VAATLER
1990’lı yılların başında personelimize yöneticilik eğitimi vermesi için konunun uzmanı bir profesörle anlaştık.
Hoca ilk dersinden 30 kişilik ekibimizi üçe ayırdı. Her ekibe bir teknede bulunabilecek ekipman listesi verdi. Listeler aynıydı ve 30 aletten oluşuyordu.
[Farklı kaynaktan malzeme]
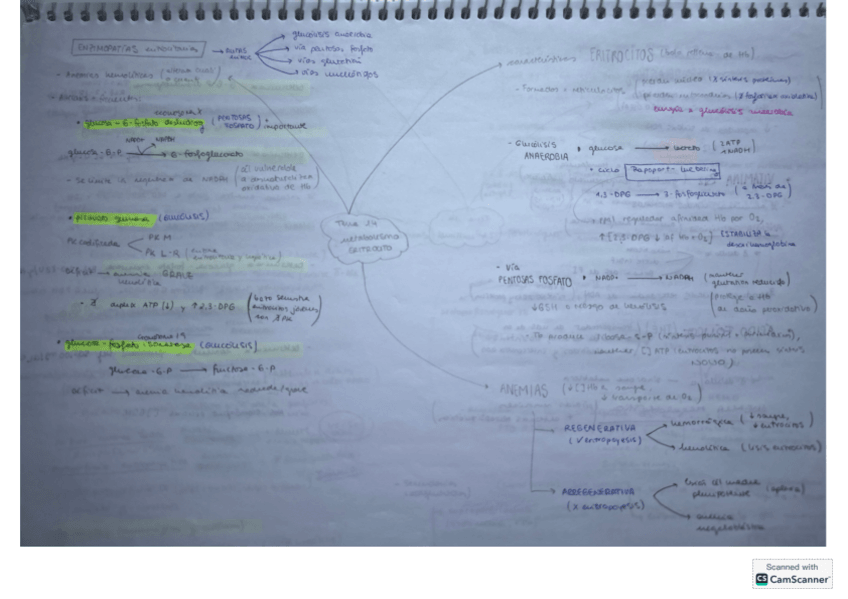 Miniatura del documento T14-bioq-clinica.pdf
Ekiplerden istenen, en gerekli 10 tanesini belirleyerek sanal tekneye almasıydı.
Ekipler birbirini duymayacakları masalara dağıldı, kendi aralarında tartışmaya başladı.
Benim ekibim pusula, yedek yakıt, kova gibi şeyleri belirledi, ikincil öneme sahip terlik, vazo, halı gibi eşyaları eledi.
Bir alet vardı, diyelim ismi PERTUK olsun, hiç duymamıştık, ne işe yarayabileceğine karar veremedik ama ne olur ne olmaz, belki çok zaruri bir alettir diye listeye dahil ettik.
Diğer ekipler de aynısını yapmış…
Hoca her listeye baktı, bıyık altı gülümsedi.
“Hepiniz ne olduğunu bilmediğiniz bir aleti listeye aldınız,” dedi, “Bu aleti hangi koşullarda ve nasıl kullanacağınızı sanıyorsunuz?”
Muharrem İnce seçim kampanyası boyunca UZAY MADENCİLİĞİ ve KUANTUM’dan bahsedip durdu ya… İşte bunların ikisi de bizim listelere aldığımız PERTUK’tan farklı değil.
Halk ne işe yaradığını, ona ne fayda sağlayacağını bilmediği -ki itiraf edeyim, ben de bilmiyorum- kavramlara neden oy versin?
Kek ve kıraathane hayli matrak vaatlerdi, ciddi bir lidere yakışmaz… Ama benzin, döviz, faiz, dış borç, fasulye, mercimek, soğan, patates, et, ekmek, süt, çay, şeker gibi somut şeylere KUANTUM ve UZAY MADENCİLİĞİ’nden fazla yer verilseydi daha akılcı olmaz mıydı?